→ What you need to do: Nothing but the pictures is dropped; write out all the remaining data below exactly.

→ Recorded data:

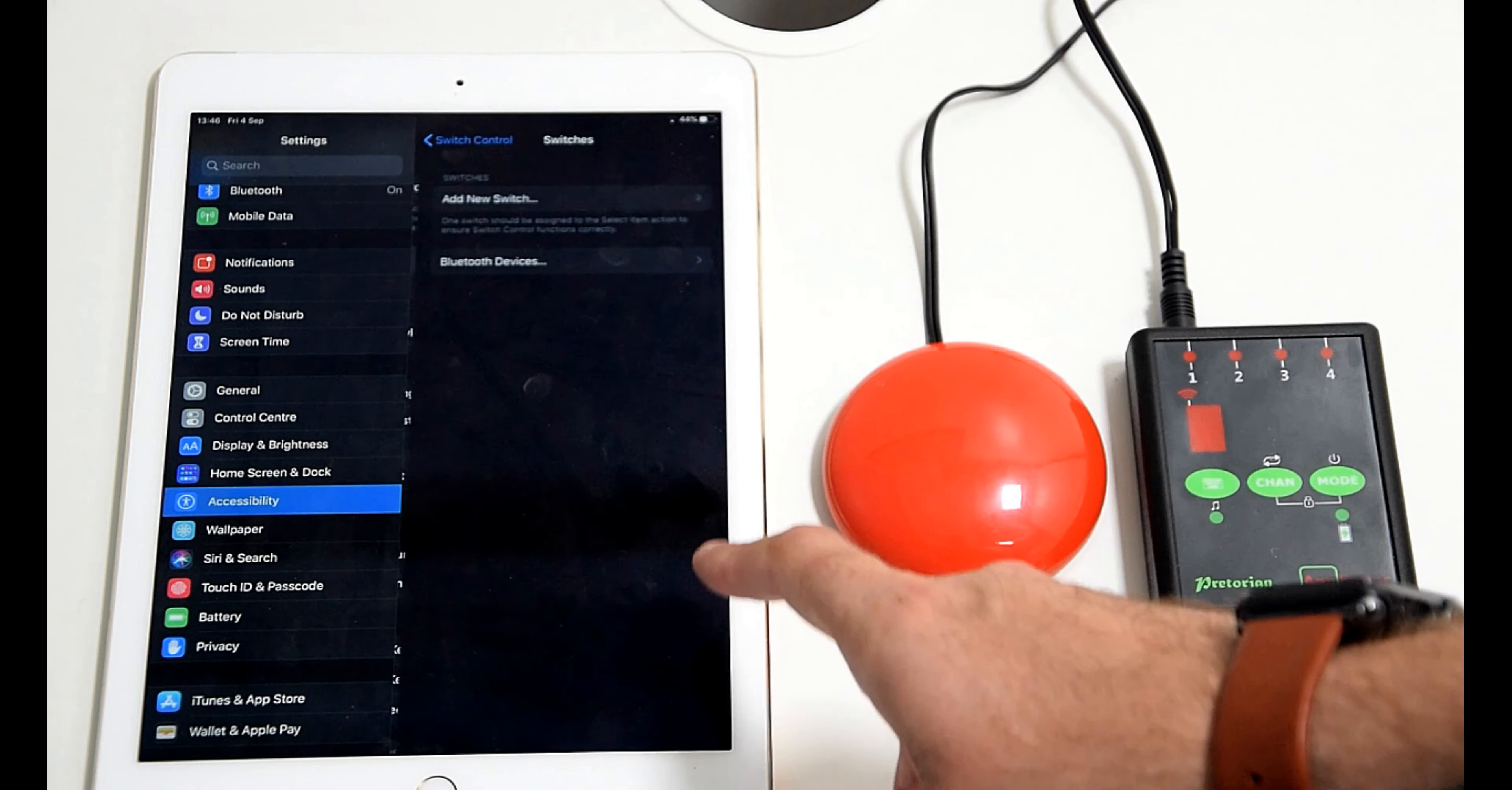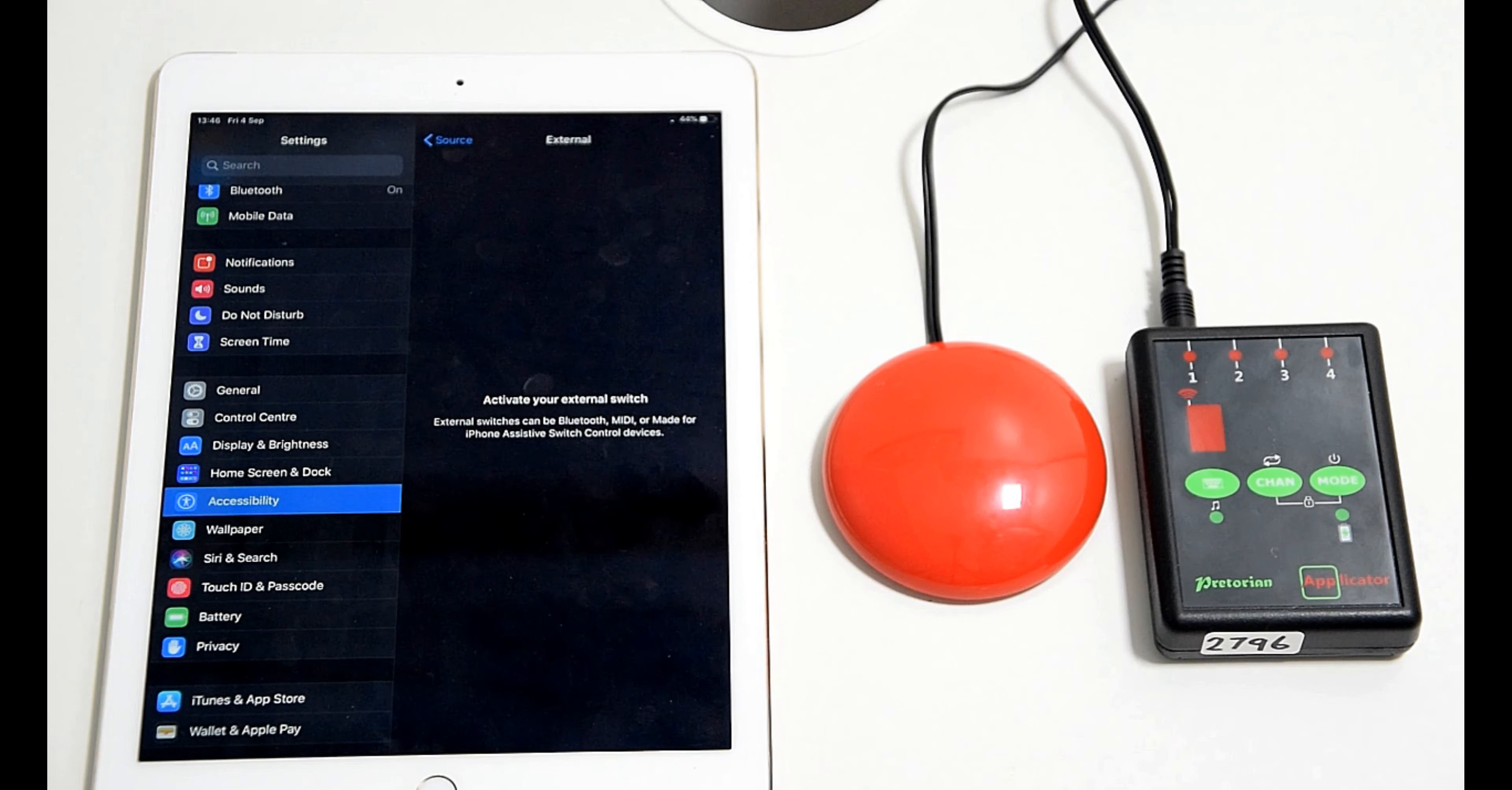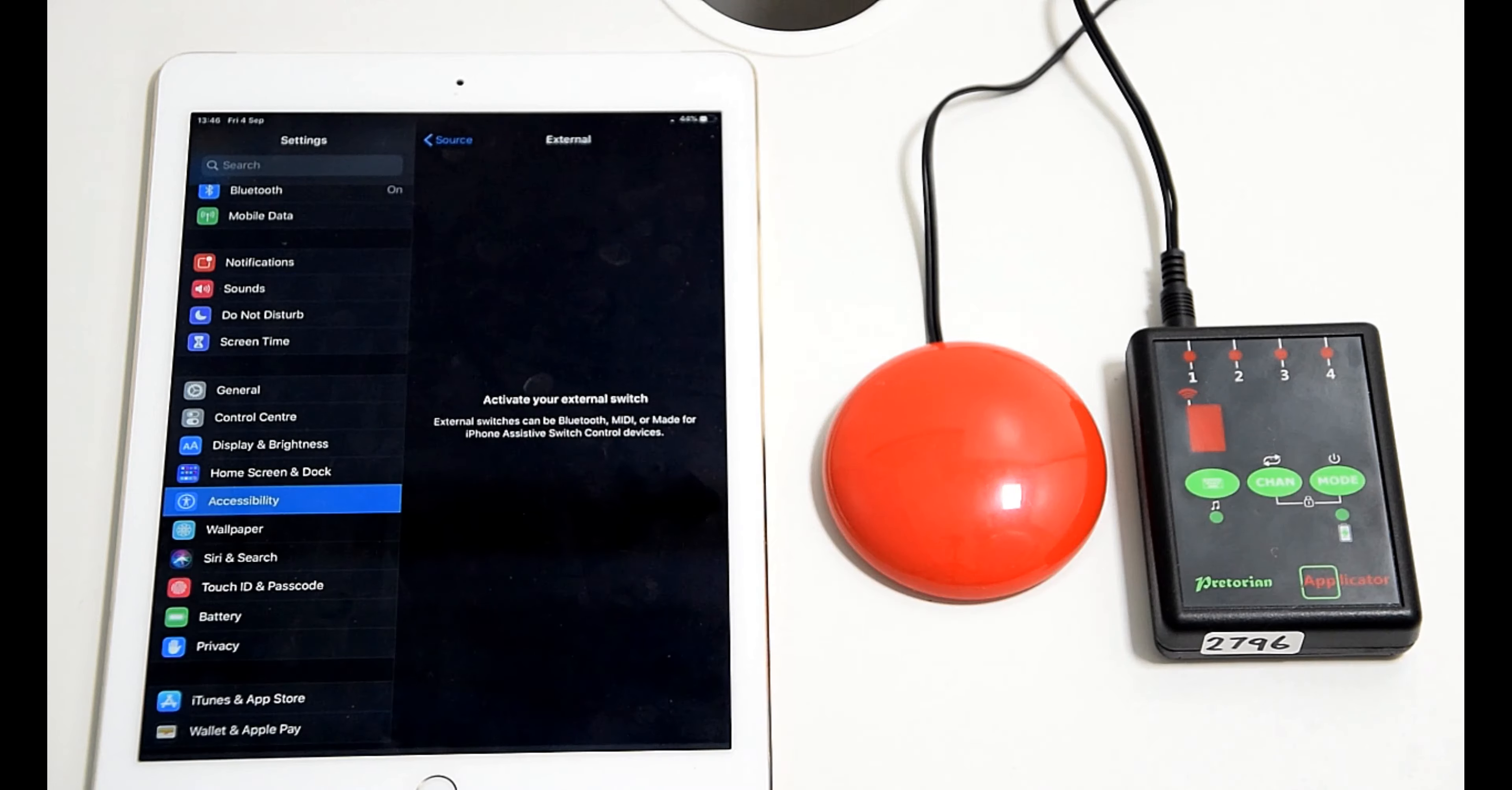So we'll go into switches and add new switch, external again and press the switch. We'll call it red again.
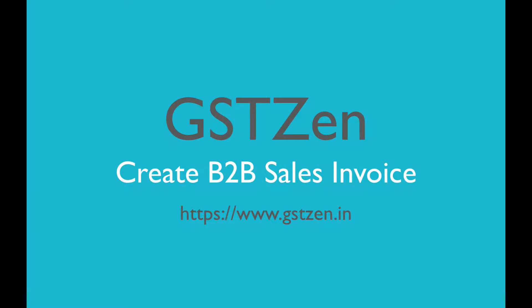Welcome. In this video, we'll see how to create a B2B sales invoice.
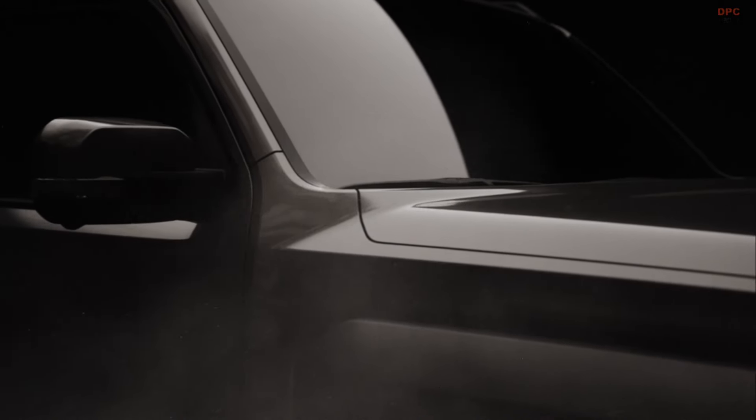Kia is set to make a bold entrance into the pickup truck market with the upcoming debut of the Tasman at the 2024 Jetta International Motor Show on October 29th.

→ Result:
So we'll go into switches and add new switch, external again and press the switch. We'll call it red again.
Welcome. In this video, we'll see how to create a B2B sales invoice.
Kia is set to make a bold entrance into the pickup truck market with the upcoming debut of the Tasman at the 2024 Jetta International Motor Show on October 29th.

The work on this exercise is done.